Mr Jeffery congratulated LASA on an excellent report. Why had LASA requested more money for the implementation of the Child Justice Act, as the Act did not require the presence of lawyers at the preliminary stage of an inquiry? What was the budget for legal aid during the World Cup as there would be special courts running? What was the progress of the civil litigation claims for farm workers?
Ms Smuts asked on what grounds did the Supreme Court of Appeal turn down LASA in the Boeremag case?
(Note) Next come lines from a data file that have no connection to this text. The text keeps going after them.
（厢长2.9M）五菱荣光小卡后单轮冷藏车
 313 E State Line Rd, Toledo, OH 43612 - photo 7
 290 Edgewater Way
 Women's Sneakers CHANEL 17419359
Judge Mlambo replied that the initial number of accused in the Boeremag case were 23. Some of the accused did not pass the means test. The court had said that the case was extraordinary and would take a long time. The funds of the accused would probably run out before the trial ended. The Legal Aid Board then decided that they would represent the accused once their funds ran out. Usually lawyers were not appointed by the accused, instead Legal Aid appointed a lawyer. If someone fired the appointed lawyer for no good reason then LASA would no longer assist that person. However in the Boeremag case, LASA was instructed to provide lawyers for the accused, this enabled them to choose their own lawyers and they duly did so. LASA lost the case not to represent the accused because it was deemed unconstitutional for an accused to be unrepresented in a criminal law case, it was not in the interests of justice. In the Garry Porritt case the accused refused to disclose his wealth in order for a means test to be applied. The judge instructed LASA to provide advocates to represent the accused and the judge also instructed LASA to provide a certain number of advocates. The pre-trial costs would thus be in the region of R60 million for this case. The problem was that the Constitution was often relied upon by the accused who did not want to spend his own money in court. The civil claims for farm workers was outsourced by the Department of Land Affairs and the cost was probably twice as much as what Legal Aid would charge. LASA had an accreditation list for lawyers and this was based on the BEE status of lawyers. Individuals or firms had to put themselves on this list. Those practitioners who provided shoddy services were removed from the accreditation list and banned.
Mr Brian Nair, National Operations Executive for LASA, said that the necessary cost for the Child Justice Act was providing a lawyer in each case as Magistrates were requiring the presence of a lawyer during the pre-trial inquiry. LASA was actively involved in World Cup preparations and had already included a budget for its plans. It had drawn up contracts for extra staff that would work during that period and once the final budget was approved they would sign their contracts. LASA had been engaging with the Department of Land Affairs but it was unlikely that LASA would be used by the department. Land Affairs had said that it would renew the contract of the outsourced firm.
Mr Swart asked how much it cost the Department of Land Affairs to outsource to a private firm.
Mr Jeffery said that it would be unfair to burden LASA with providing this information. The Committee should rather ask the Portfolio Committee dealing with Land Affairs to obtain the information and then provide it to the Committee.
Mr Landers said that the Committee should just ask the Minister of Land Affairs directly.
Mr Ndabandaba asked of the 48.5 million people that were serviced by Legal Aid, what percentage was from the rural areas.
Mr Nair replied that 92% of cases were criminal cases. Civil legal aid was provided in mostly rural areas, the demand was bigger there.
The Chairperson commended LASA for their excellent report as it had measurable outputs, objectives as well as a commitment to targets.